The Festive Period is a Reminder that Enshittification is Inevitable – But There is Hope
Just for a moment, the vicar became the embodiment of that most useful of recently coined words: enshittification. This normally excellent woman, who runs her numerous parishes with passion and aplomb, had donned a squishy poo emoji hat. She stood within the nave of her 800 year-old church, next to the Advent candle, with a brown coiled fake turd on her head. The enshittified vicar explained to the congregation that the message of Christmas is that God visits us in our “poo-ey lives”. Like the Christ child in the “poo-ey stable”, God becomes manifest in our stinking world. The congregation looked ahead glassily. Perhaps somewhere deep in the recesses of the collective unconsciousness, they knew that sermons, the church, Christianity, vicars, hadn’t always been this way, that there had once been a reverent majesty to a Christmas carol service. Thankfully the sermon ended, she took off her scat hat, and everyone sang the remainder of the carols with gusto.

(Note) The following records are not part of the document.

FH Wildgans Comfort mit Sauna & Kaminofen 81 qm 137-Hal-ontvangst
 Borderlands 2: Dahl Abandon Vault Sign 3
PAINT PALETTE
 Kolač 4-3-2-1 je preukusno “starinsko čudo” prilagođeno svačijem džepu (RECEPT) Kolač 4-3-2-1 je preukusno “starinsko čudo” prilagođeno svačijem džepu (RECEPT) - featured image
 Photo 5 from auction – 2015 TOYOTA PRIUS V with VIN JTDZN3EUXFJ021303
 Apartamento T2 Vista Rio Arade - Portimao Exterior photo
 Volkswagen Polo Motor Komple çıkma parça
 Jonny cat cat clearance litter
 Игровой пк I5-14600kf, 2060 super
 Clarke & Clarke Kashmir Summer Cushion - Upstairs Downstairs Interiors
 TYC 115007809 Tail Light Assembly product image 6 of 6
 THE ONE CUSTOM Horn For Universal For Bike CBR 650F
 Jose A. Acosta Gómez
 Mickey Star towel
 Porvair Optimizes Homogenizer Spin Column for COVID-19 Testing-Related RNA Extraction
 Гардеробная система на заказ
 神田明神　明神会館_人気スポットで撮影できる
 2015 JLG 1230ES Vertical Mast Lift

This primary school level of Church of England sermonising, on the one day of the year when the church was full to bursting, is not the only aspect of Christmas that has been enshittified. Though petty – it was only a hat – she was trying to make a joke, I think – this and other small degradations add up to incrementally wither the glory of Christmas. Festive corruptions include:
- The barcode on stamps
- The plastic tat of a once enticing tin of Quality Streets
- The persistent inability of Evri to deliver the correct parcels to the correct houses
- The shrinkflation of selection boxes and the chocolates therein
- Ugly ad hoardings around town Christmas trees
- The disappearance of fortune-telling-fish and jumping frogs from crackers
And significantly less petty:
- Anti-terrorism barricades at Christmas markets
Whether caused by profit margins, greed, carelessness, misplaced care, ease or accessibility, decisions made initially to improve things inevitably lead to enshittification. Indeed, Plato warned millennia ago that the material world, including societies and peoples, is inherently unstable and subject to flux and decay. In The Republic he outlines how even the most perfect of city states will change and decay:
Hard in truth it is for a state thus constituted to be shaken and disturbed; but since for everything that has come into being destruction is appointed, not even such a fabric as this will abide for all time, but it shall surely be dissolved.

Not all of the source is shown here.